He said the MPs' bill would "hand control" of Brexit negotiations to the EU and bring "more dither, more delay, more confusion".
Labour's Jeremy Corbyn told him the anti-no deal law had to pass before an election was held. The support of two-thirds of MPs would be needed to allow a general election to take place.
The vote comes as hundreds of people protested in Cardiff on Tuesday evening against the planned prorogation of Parliament.
Mark Drakeford tweeted that the proposed legislation will prevent the prospect of a "destructive" no-deal Brexit.
But Brexiteer Conservative MP for Monmouth, David Davies, said the matter will not be sorted in Parliament but at the ballot box.
"No one wants to force an election on people but that's the way it's going to be resolved", he said.
Aberconwy MP Guto Bebb was the only Welsh Conservative to rebel against ministers.
Downing Street said all 21 Tory MPs who voted against the government would have the whip removed, effectively expelling them from the parliamentary party and meaning they could not stand as Conservative candidates in the election.
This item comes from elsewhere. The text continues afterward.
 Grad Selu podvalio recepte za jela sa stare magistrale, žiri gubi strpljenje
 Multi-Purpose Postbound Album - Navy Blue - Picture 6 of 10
Mr Bebb, who is not planning to stand in the poll, told the BBC a "lack of trust" in the prime minister was the reason why many rebelled against the government.
"None of it would have happened if No 10 and the PM hadn't mishandled the issue since the decision for proroguing parliament," he said.
Conservative Montgomeryshire MP Glyn Davies told BBC Wales events leading to his colleagues being expelled were a shock to his system and to the Tory party.
"It's very ugly. But politics is ugly. Politics isn't tiddlywinks."
Labour Aberavon MP Stephen Kinnock congratulated the Conservative rebels for "standing up for their principles".
"I think this is what happens when people are bullied and intimidated - they push back. It was a good day for democracy yesterday."
Plaid Cymru's Westminster leader, Liz Saville Roberts, argued no-one in the 2016 referendum "voted for fewer jobs, lower wages and food shortages".
"No deal is simply not an option," she said.
Labour Cardiff North MP Anna McMorrin claimed the prime minister was a "national embarrassment who's fibs and bluster have been called out".
Newly-elected Lib Dem Brecon and Radnorshire MP Jane Dodds, who attended Parliament for the first time on Tuesday, said the vote was "an important step towards preventing a catastrophic no-deal scenario, which government analysis has repeatedly shown would be deeply damaging to our jobs, our economy, and our NHS".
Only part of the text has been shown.